** What is required **
Of all the lines in the entries below, give again exactly those starting at the line containing "6025 Oldcastle Pl - Photo 5 of 25" and ending at the line containing "Ông Hồ Minh", both ends included, and no others.

** Supplied entries **
[Start of Attachment]

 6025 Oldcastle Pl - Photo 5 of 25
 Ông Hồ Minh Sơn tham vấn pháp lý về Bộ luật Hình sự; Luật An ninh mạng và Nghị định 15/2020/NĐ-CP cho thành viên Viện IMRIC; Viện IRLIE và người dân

[End of Attachment]
[Start of Attachment]

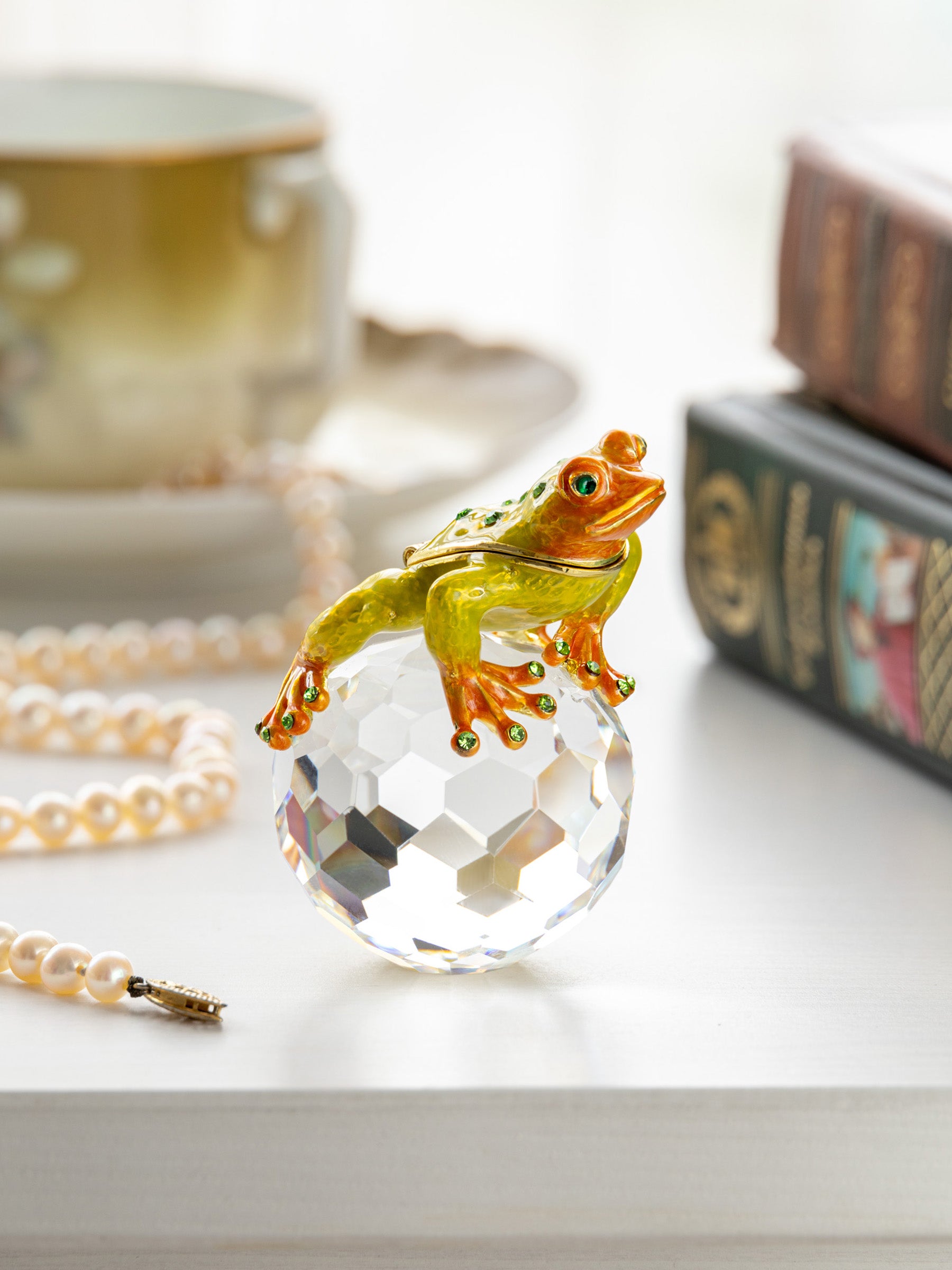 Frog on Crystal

[End of Attachment]
[Start of Attachment]

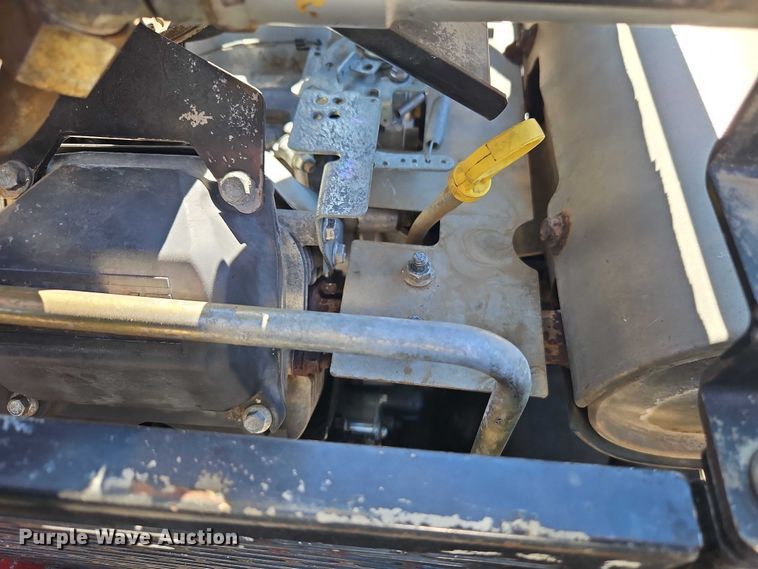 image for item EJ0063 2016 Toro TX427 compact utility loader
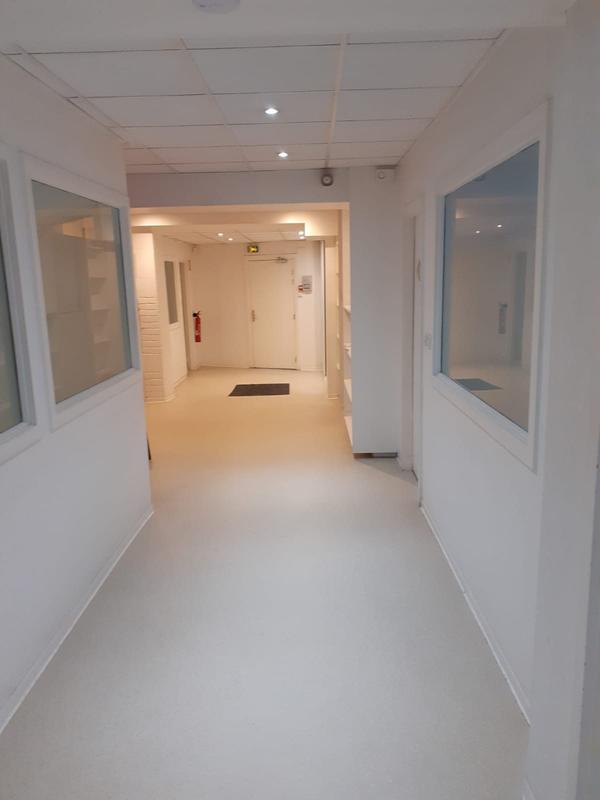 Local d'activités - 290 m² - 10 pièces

[End of Attachment]

** Solved exercise **
 6025 Oldcastle Pl - Photo 5 of 25
 Ông Hồ Minh Sơn tham vấn pháp lý về Bộ luật Hình sự; Luật An ninh mạng và Nghị định 15/2020/NĐ-CP cho thành viên Viện IMRIC; Viện IRLIE và người dân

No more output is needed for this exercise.